→ DATA RECORDS:
:::
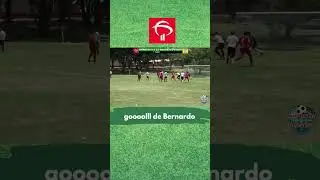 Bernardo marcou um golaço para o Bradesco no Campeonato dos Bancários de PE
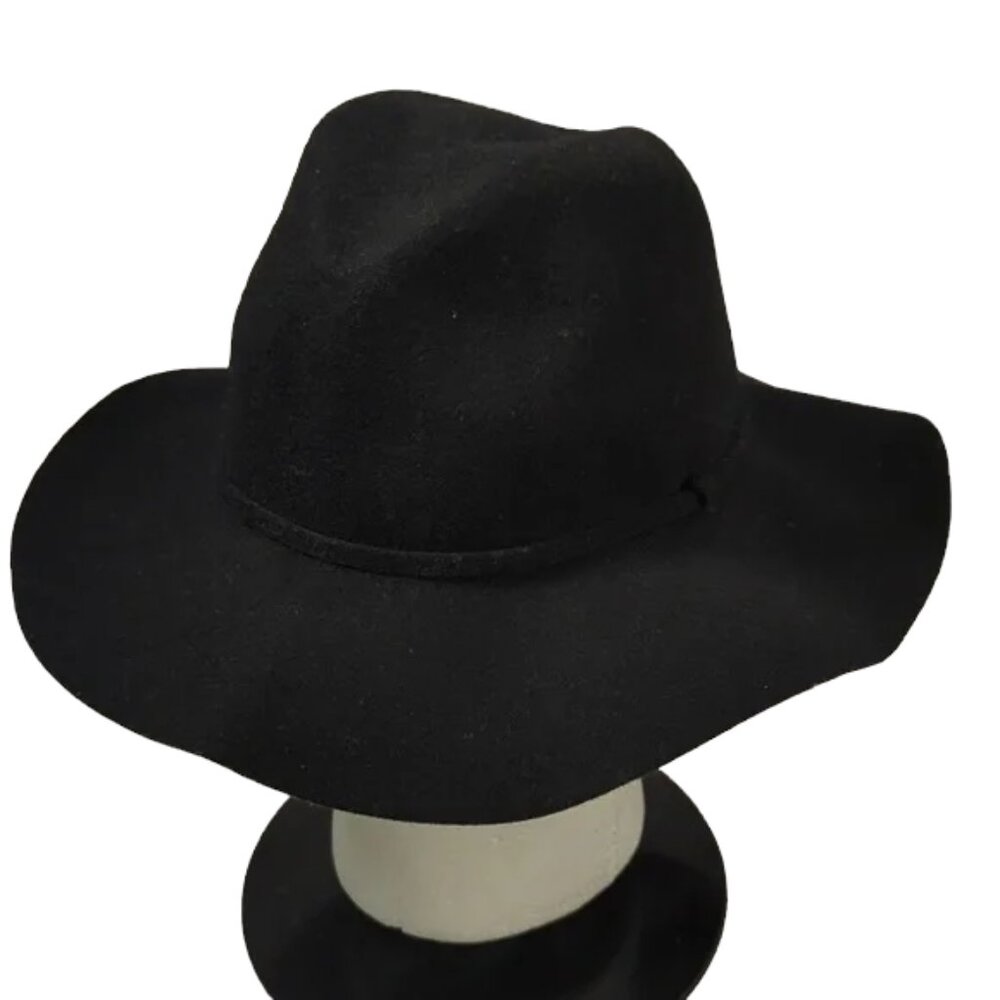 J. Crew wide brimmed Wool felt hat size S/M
:::
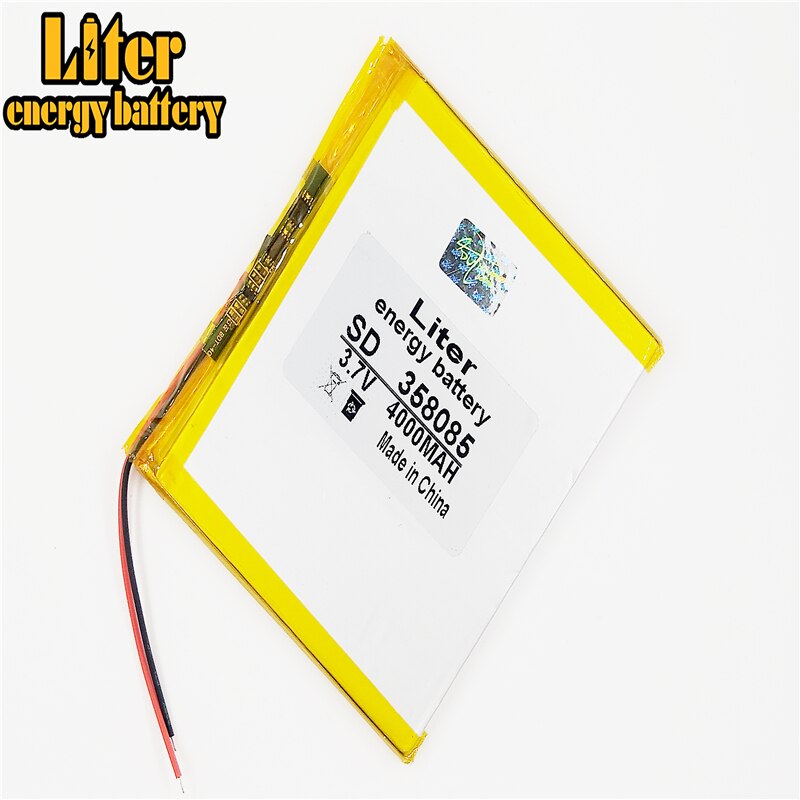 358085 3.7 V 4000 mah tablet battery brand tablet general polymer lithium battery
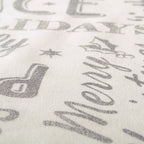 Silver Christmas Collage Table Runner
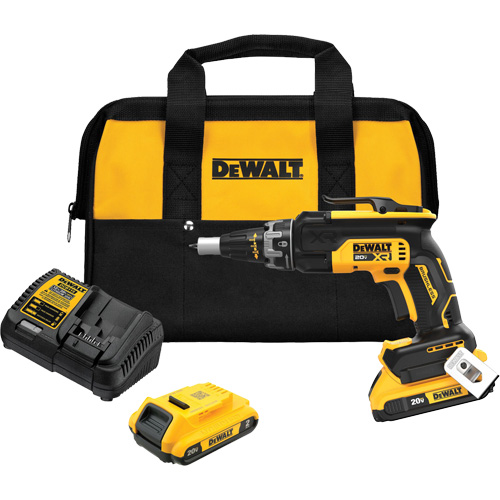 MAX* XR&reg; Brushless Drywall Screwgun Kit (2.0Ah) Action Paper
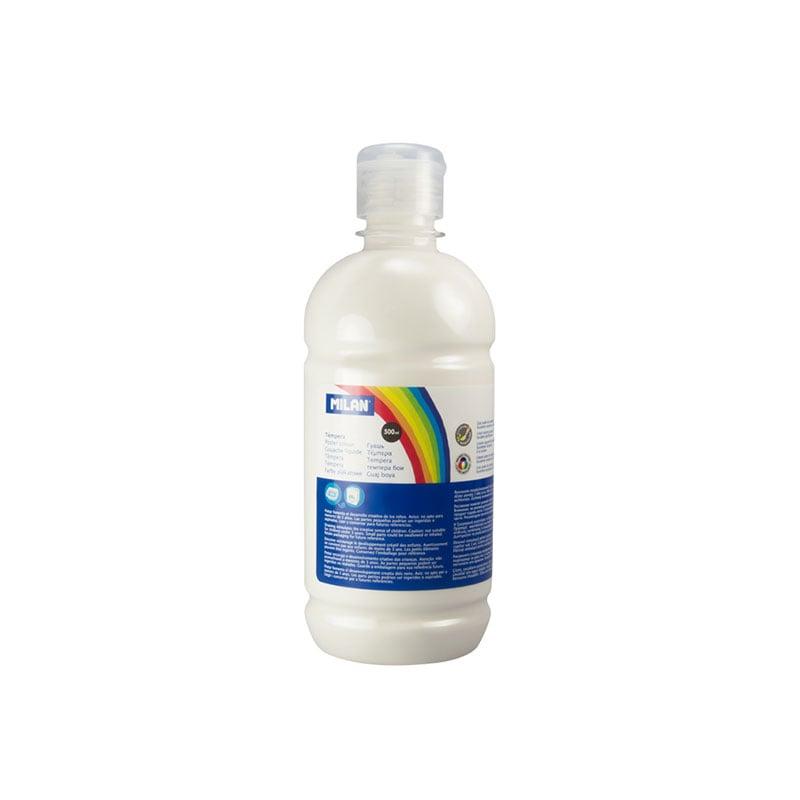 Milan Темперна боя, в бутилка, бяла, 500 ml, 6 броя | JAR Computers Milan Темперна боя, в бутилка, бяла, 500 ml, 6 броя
:::
→ WORK INSTRUCTIONS:
Within these entries, output exactly the lines starting at the one with "358085 3.7 V" and finishing at the one with "Milan Темперна боя, в бутилка, бяла, 500 ml, 6 броя |". Leave pictures out of the output.

→ ANSWER SECTION:
 358085 3.7 V 4000 mah tablet battery brand tablet general polymer lithium battery
 Silver Christmas Collage Table Runner
 MAX* XR&reg; Brushless Drywall Screwgun Kit (2.0Ah) Action Paper
 Milan Темперна боя, в бутилка, бяла, 500 ml, 6 броя | JAR Computers Milan Темперна боя, в бутилка, бяла, 500 ml, 6 броя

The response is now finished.